Nassau County has been converting oil heating systems to gas for decades. It's a smart move — gas burns cleaner, costs less to maintain, and eliminates the oil tank. But there's one thing every homeowner needs to know before the gas company shows up: your existing chimney liner almost certainly won't work for the new system. Here's why, what the code says, and what to expect.
Why Your Oil Liner Doesn't Work for Gas
Your oil burner vented through an oversized clay tile liner — typically 8×8 or 8×12 inches — because oil combustion produces high volumes of exhaust at relatively high temperatures. Gas appliances are different. A modern high-efficiency gas boiler or furnace produces cooler, lower-volume exhaust. When that cooler exhaust travels through an oversized clay liner, it slows down, cools further, and condenses on the tile walls. That condensation is acidic. It attacks clay tile and mortar joints, causing cracking, spalling, and eventual liner failure — and it creates a carbon monoxide risk. The solution is a properly sized stainless steel liner inserted inside the existing flue. It creates the correct internal diameter for the appliance output, maintains exhaust temperature through insulation, and resists the acidic condensate that would destroy clay tile.

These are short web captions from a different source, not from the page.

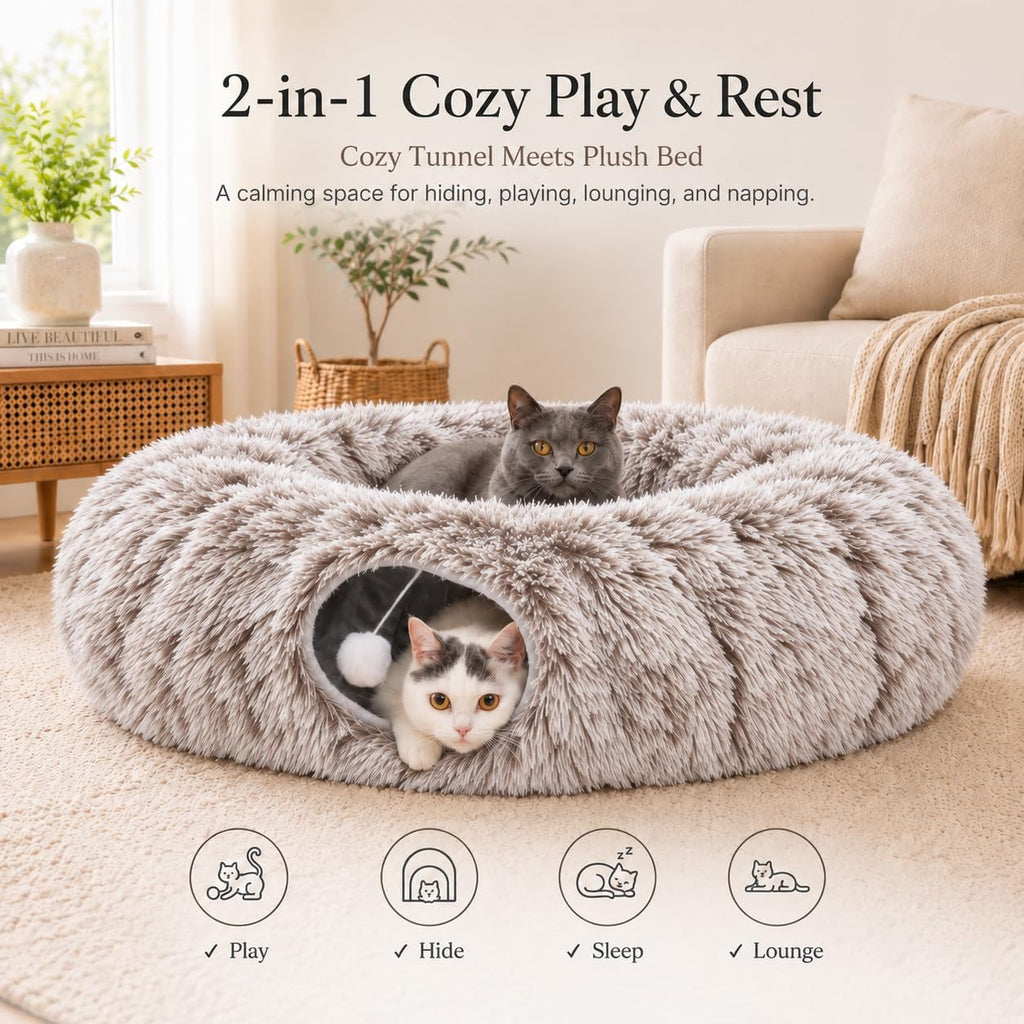 Fluffy Cat Tunnel Bed Under Christmas Tree, Plush Warm Brown - Image 6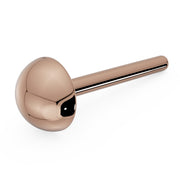 14k rose gold 4mm dome nose ring with straight post backing, angled view of dome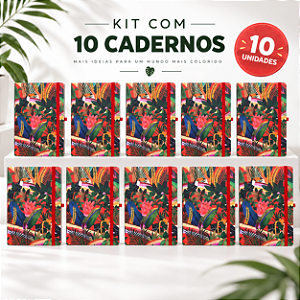 Caderneta 80 Folhas Lisas Estampa Tropical 10 Unidades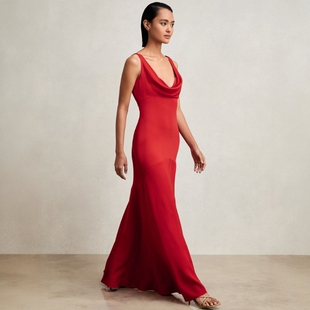 REISS红色堆堆领礼服裙连衣裙长裙纯色无袖简约大气名媛风修身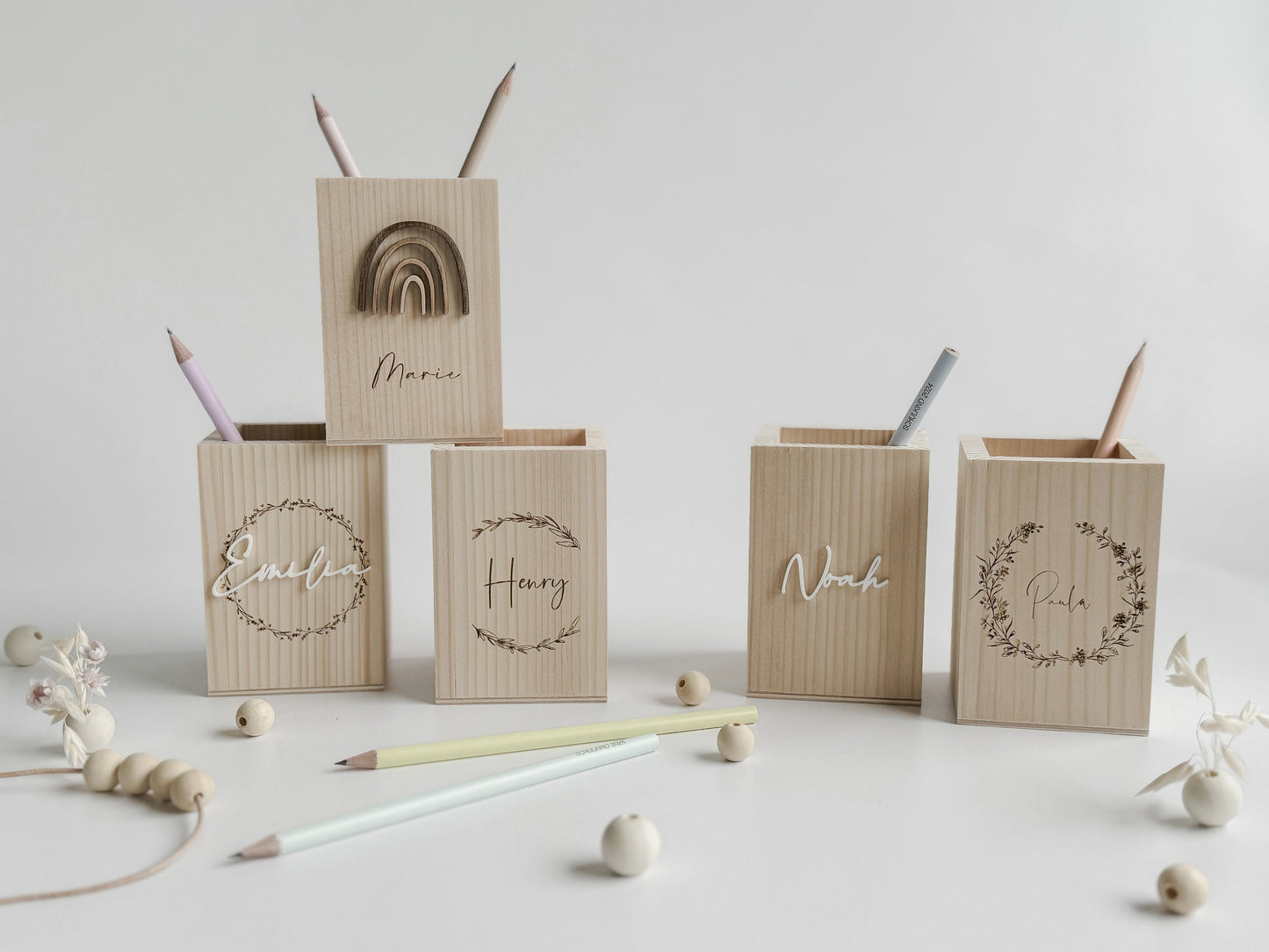 Personalisierte Stiftebox I Stiftehalter aus Holz mit Name I Einschulung I Geschenk zum Schulanfang I Schulkind I Schreibtischorganizer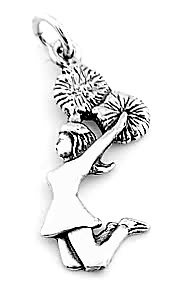 STERLING SILVER JUMPING CHEERLEADER CHARM/ PENDANT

What Nassau County Code Requires
Nassau County code and appliance manufacturer requirements both mandate proper liner sizing for gas appliances. Your gas utility — National Grid or PSE&G — will typically require documentation that the chimney liner meets the appliance manufacturer's specifications before they'll complete a conversion. In practice, this means: if you're converting from oil to gas, you need a new stainless steel liner sized to the new appliance's BTU output and vent connector diameter. DME Maintenance handles all of this — we measure, size, install, and provide full documentation for your file.
What It Costs in Nassau County
Stainless steel chimney liner installation for an oil-to-gas conversion in Nassau County starts at $1,400 through DME Maintenance. Final cost depends on flue height, required liner diameter (typically 4", 5", or 6" for residential gas applications), whether insulation wrap is required, and permit fees. We provide a written, itemized estimate on-site before any work begins. No surprises.
The Right Time to Do It
The best time to install a liner is before the gas company completes the conversion — not after. If you schedule the liner installation before your conversion date, everything is ready when National Grid or your plumber arrives. If you wait until after the conversion, you may find yourself without heat while you coordinate the liner installation. DME Maintenance works with plumbers and gas companies throughout Nassau County and can typically schedule within the same week.
One More Thing: The Old Oil Tank
This is outside our scope but worth mentioning: the oil tank removal and any soil testing required by Nassau County DEC is a separate process from the chimney liner. Make sure your contractor or oil company handles decommissioning properly before the conversion. The chimney liner is the part DME Maintenance handles — and we do it right.